Skip all pictures, then copy the lines from the start of the data through the line with "In subtext font", keeping both ends.

■ Supplied material:
_ _ _ _ _ _ _

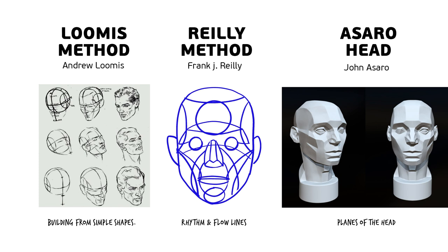Then you have the Riley method, which is from Frank J. Riley. A big difference between those two, although they are a little bit similar, is this one was very much constructed. This one is all about flow and rhythm lines.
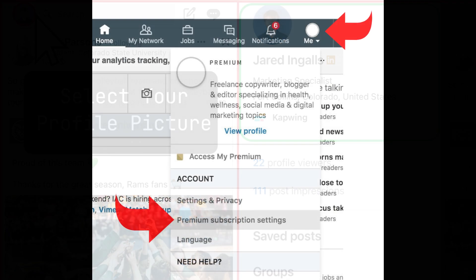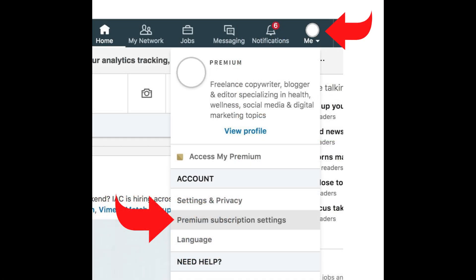Then select Settings. From there, go to Subscriptions where you will find your LinkedIn Premium subscription details.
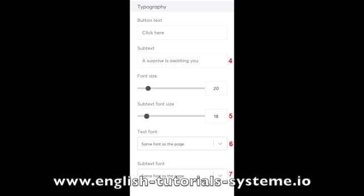In subtext font size, number five on the screenshot, you can choose the font size of the subtext. Use subtitle font, six and seven on the screenshot, to choose the type of subtitle font.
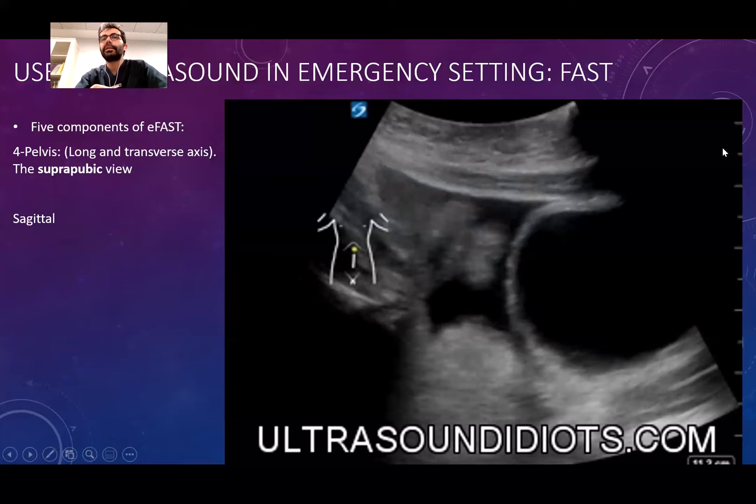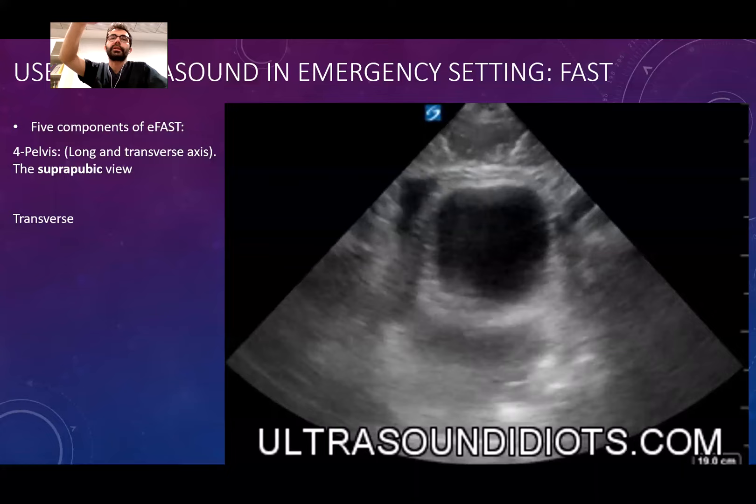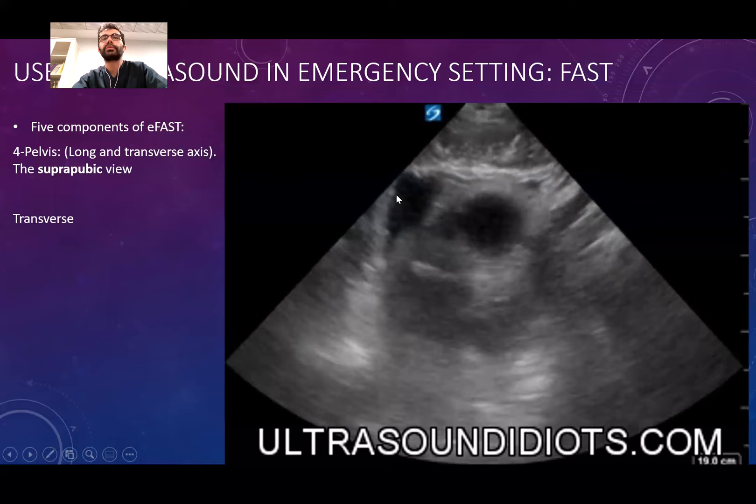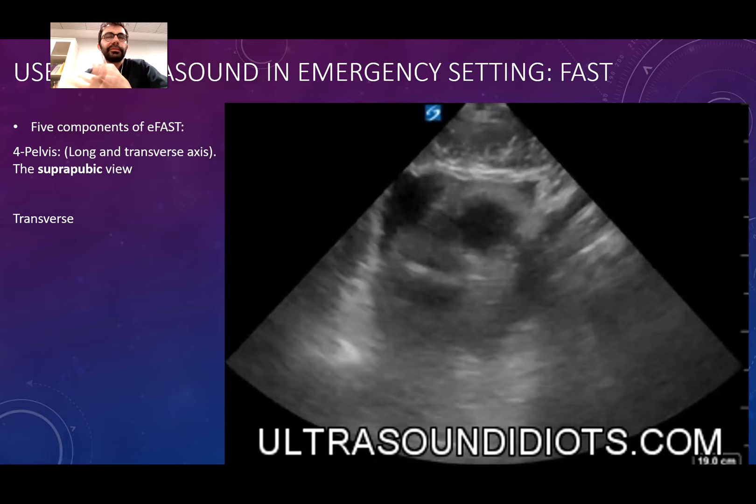When there is free fluid inside the pelvic cavity, it is easy to see — the bowel walls start to swim inside the fluid. Around the bladder sac I start to see fluid density, and inside that fluid there are bubbles — the bowel walls — swimming around.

_ _ _ _ _ _ _

■ Task response:
Then you have the Riley method, which is from Frank J. Riley. A big difference between those two, although they are a little bit similar, is this one was very much constructed. This one is all about flow and rhythm lines.
Then select Settings. From there, go to Subscriptions where you will find your LinkedIn Premium subscription details.
In subtext font size, number five on the screenshot, you can choose the font size of the subtext. Use subtitle font, six and seven on the screenshot, to choose the type of subtitle font.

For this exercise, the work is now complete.